Perhaps knowing that the facts simply were not on their side, the House impeachment managers had, time and again, returned to the subject of the 45th president’s language. It was as if they had hoped to persuade a sufficient number of senators to ignore the absence of such trifles as witness testimony and factual evidence and instead convict Trump because it was safe to assume that he had wanted to incite a violent confrontation with Congress.
A Lesson in Words and Context
Specifically, Democrats have focused on the former president telling his supporters on January 6 that they would have to “fight like hell” to save their country. In the same speech, Trump said, at one point: “And you have to get your people to fight.” The impeachment managers presented that quote out of context – deliberately, of course – to imply that the president had been instructing those in the crowd to encourage each other to literally, physically fight. Trump’s attorneys played a video clip of that part of the speech: “And you have to get your people to fight.

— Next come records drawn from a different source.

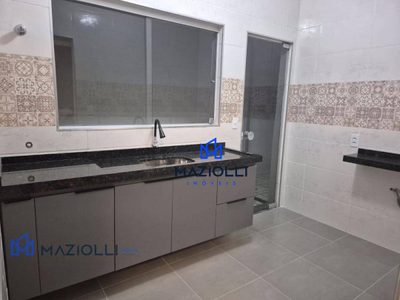 Casa, 3 quartos, 115 m² - Foto 3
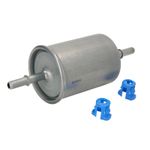 Auto si Moto - Piese auto si accesorii - Piese auto - Filtre si accesorii - Filtru combustibil MITSUBISHI COLT V CJ   CP  ALCO Filters FF006 - Infinity.ro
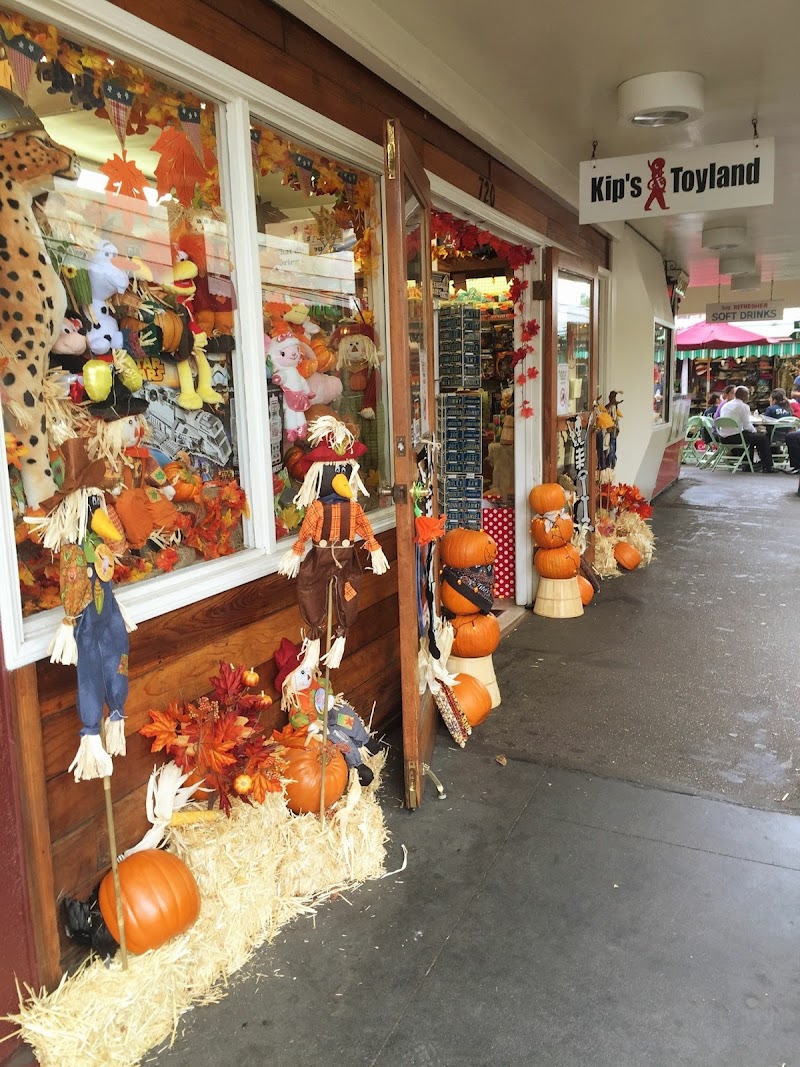 Kip's Toyland photo 4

And if they don’t fight, we have to primary the hell out of the ones that don’t fight.”
Clearly, then – and beyond any question – Trump was referring to elected senators and representatives. Those were the people that must be encouraged to fight and should be replaced if they would not do so.
The prosecution had to endure a lengthy video montage of numerous prominent Democrats – Nancy Pelosi, Chuck Schumer, Elizabeth Warren, and Kamala Harris among them, but alongside many more – using similar language, specifically word such as “fight,” “fighting,” and “battle.”

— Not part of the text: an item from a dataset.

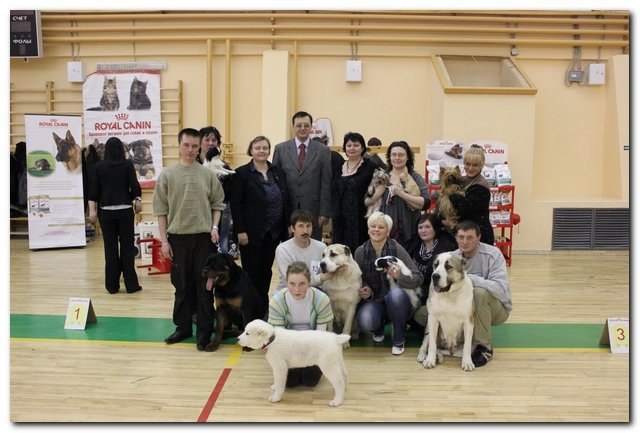 Александра Лакеева | Пенза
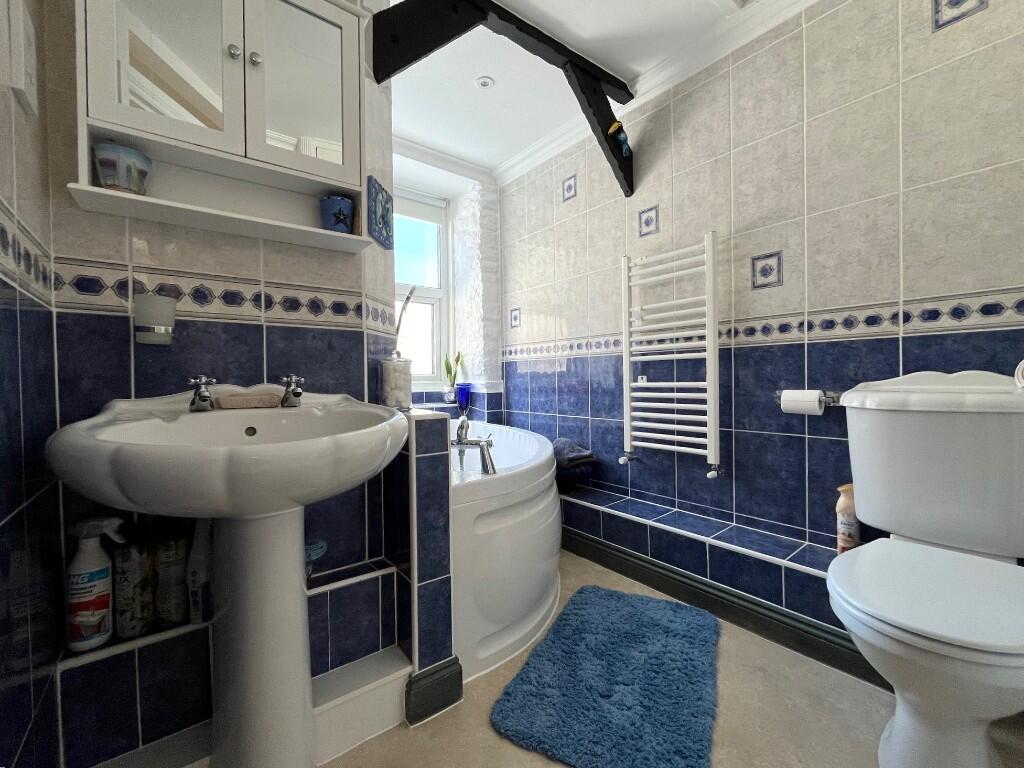 Bathroom/W.C.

The point being, of course, that this is typical political rhetoric. No sane person believes that when a politician tells his or her supporters to “fight,” that the intention is to stir them to violence. The shaming by video did not end there, though. Senator Tim Kaine and Representative Joaquin Castro, both Democrats (and Castro is one of the impeachment managers) were both featured in the montage, talking about fighting “in the streets,” which, one could argue, is a much more unambiguous call for political violence. But it got even more embarrassing for Democrats – or would have if they had any sense of self-awareness.
A number of the video clips presented featured various Democrats speaking very directly about physical violence against or confrontation with then-President Donald Trump himself and members of his administration. Still more clips featured some of the former president’s most vocal critics either encouraging or at least condoning some level of civil unrest.

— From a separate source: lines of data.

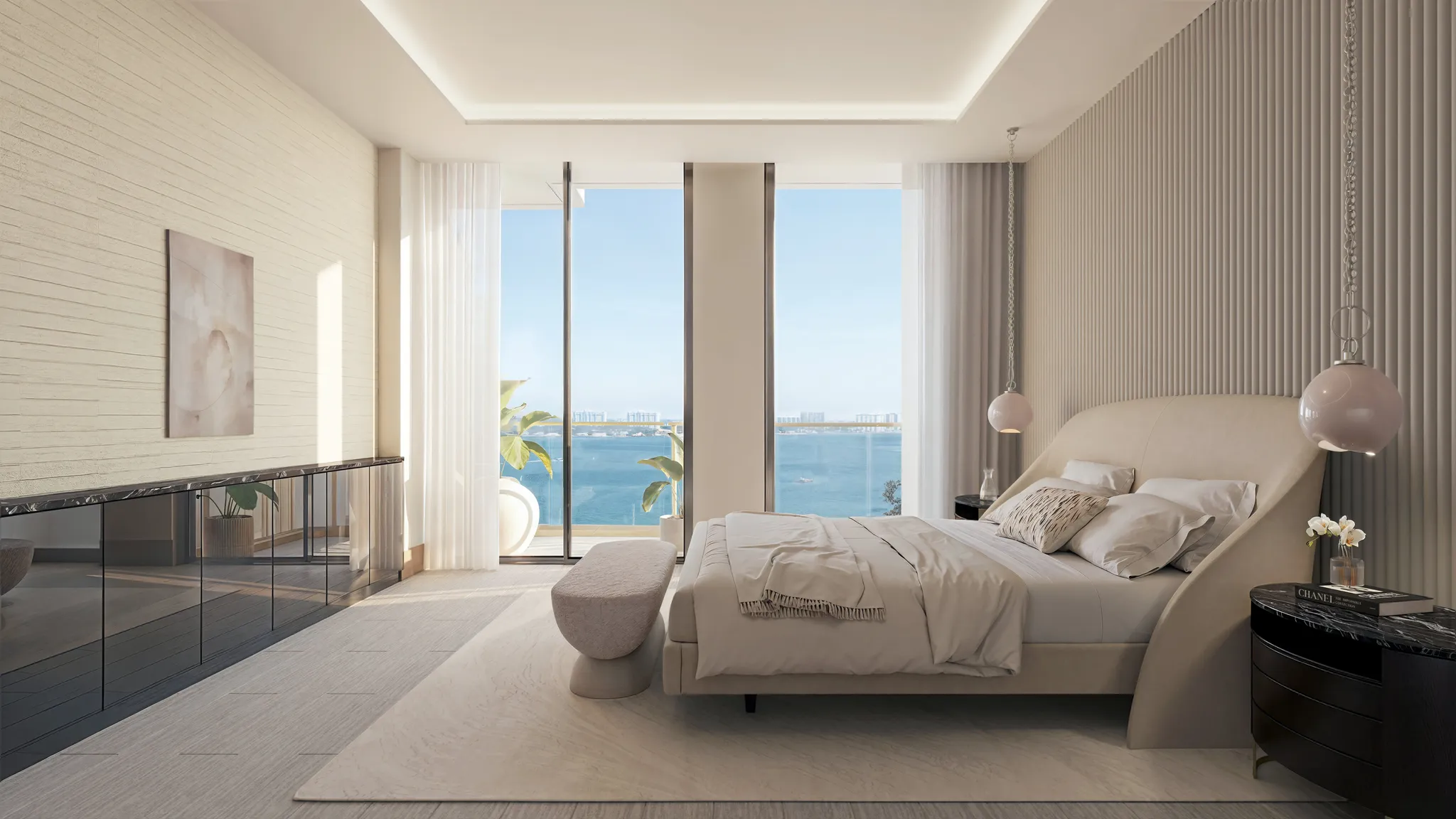 Tula Residences — Residencias 3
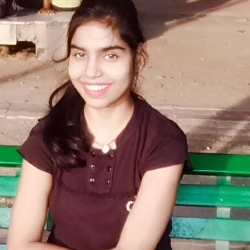 Aditi Kumari-Freelancer in PATNA,India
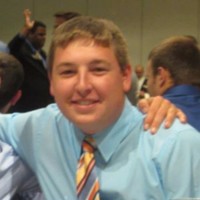 Dylan Huber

Among those clips was Kamala Harris, enthusiastically explaining that the 2020 riots by left-wing extremist groups were not going to stop even after the election. In another, Nancy Pelosi said: “I just don’t even know why there aren’t uprisings all over the country – and maybe there will be… ” In yet another, CNN host Chris Cuomo demands: “Show me where it says protests are supposed to be polite and peaceful.” Then, of course, there was the video of Chuck Schumer directly threatening Supreme Court Justices.
Can it fairly be argued that none of the Democrat politicians featured in this video presentation deserved to be judged on words taken out of context? Of course, it can – but the same applies to Donald Trump.
An Ill-Conceived Effort
The defense made the point – perhaps belabored it – that Democrats have spent the past four years demanding, or, at the very least, implying, that physical violence and civil unrest is justified, to change political outcomes. To convict Trump for allegedly doing the same is quite beyond the pale.
Without a doubt, the defense’s presentation was an unmitigated shaming of Trump’s enemies, using their own words. Perhaps the one element missing, as law professor Alan Dershowitz pointed out, was a constitutional appeal to the senators: firstly, that they lack jurisdiction to convict a private citizen and, secondly, that the First Amendment protects Trump’s January 6 speech.
Then again, perhaps whatever shortcomings existed in the defense are moot. Barring some astounding turn of events, Democrats will not have the votes necessary to convict Trump, and so the entire exercise was a pointless one, except for its usefulness as a fundraising tool. Maybe future Congresses will remember that ill-conceived and falsely-premised impeachments born out of personal and political animus serve no constructive purpose for the country and are doomed to fail.